Resumo: O foro por prerrogativa de função, tradicionalmente chamado de foro privilegiado, foi instituído para proteger a independência de autoridades públicas contra perseguições políticas. No entanto, a experiência brasileira demonstrou que sua aplicação ampla produziu efeitos contrários: morosidade, prescrição e sensação de impunidade. A doutrina majoritária critica o instituto por violar os princípios da igualdade, do juiz natural e do republicanismo, enquanto a jurisprudência recente do Supremo Tribunal Federal e do Superior Tribunal de Justiça passou a restringir sua incidência apenas a crimes cometidos no exercício e em razão da função. Este artigo analisa a evolução histórica, os fundamentos constitucionais, a produção doutrinária e os impactos práticos da restrição do foro. Conclui-se que sua manutenção ampla é incompatível com o Estado Democrático de Direito, devendo ser reduzida a limites estritos, como exceção funcional destinada apenas a resguardar a imparcialidade da jurisdição.

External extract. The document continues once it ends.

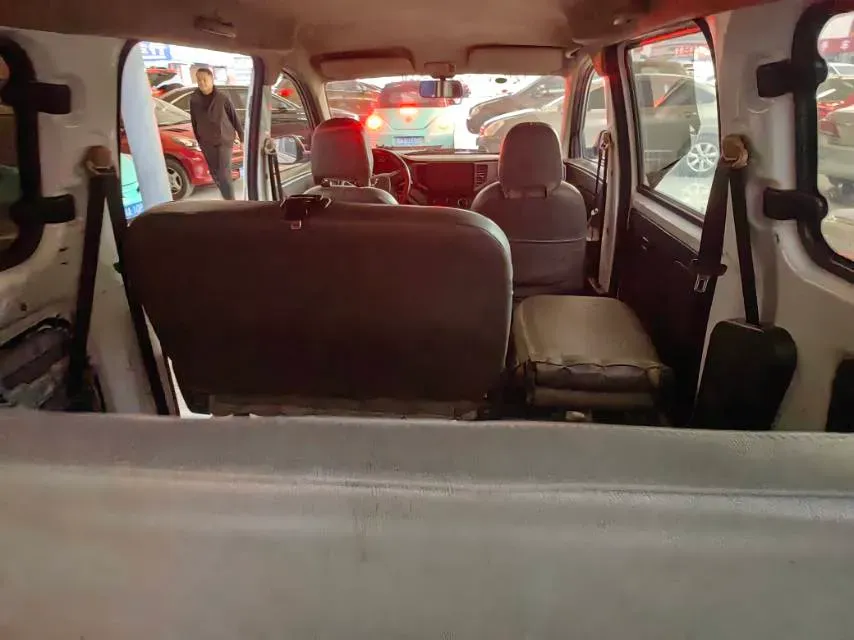 2019 WuLing HongGuang V 1.5L 105HP L4 5MT,autocango,china used car exporter,china ev exporter,chinese used car exporter,chinese used ev exporter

Palavras-chave: Foro privilegiado; prerrogativa de função; igualdade; juiz natural; princípio republicano; Supremo Tribunal Federal; responsabilização.


1. INTRODUÇÃO

A questão do foro por prerrogativa de função — usualmente denominado foro privilegiado — tem ocupado posição central no debate jurídico e político brasileiro das últimas décadas. Criado sob a justificativa de resguardar a independência e a imparcialidade do julgamento de determinadas autoridades, o instituto, todavia, passou a ser objeto de severas críticas por se converter, em grande medida, em obstáculo à efetividade da jurisdição penal, contribuindo para a morosidade processual e para a percepção social de impunidade.

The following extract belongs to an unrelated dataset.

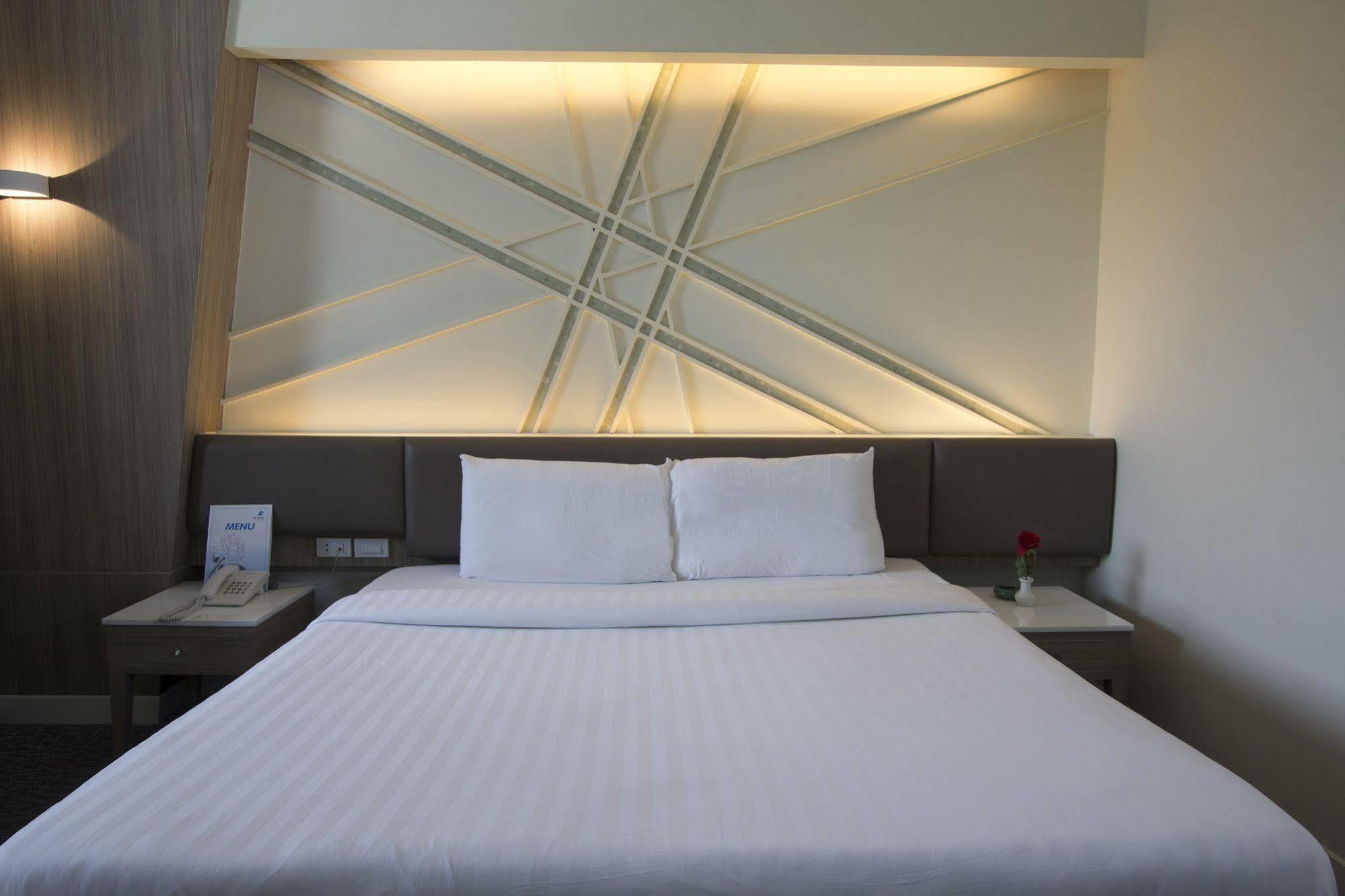Hotel Papa Bangkok Siriraj Exterior foto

A Constituição de 1988, embora tenha limitado o rol de autoridades beneficiadas com a prerrogativa de foro, manteve no ordenamento a previsão de julgamento originário por tribunais superiores, entre outros, para deputados federais, senadores e ministros de Estado. Ocorre que, em razão da crescente judicialização da política e do elevado número de autoridades com prerrogativa, o Supremo Tribunal Federal e o Superior Tribunal de Justiça passaram a se ver assoberbados por processos criminais cuja instrução complexa não se coaduna com a função precípua de cortes de cúpula, dedicada, respectivamente, à guarda da Constituição e à uniformização da interpretação da legislação federal.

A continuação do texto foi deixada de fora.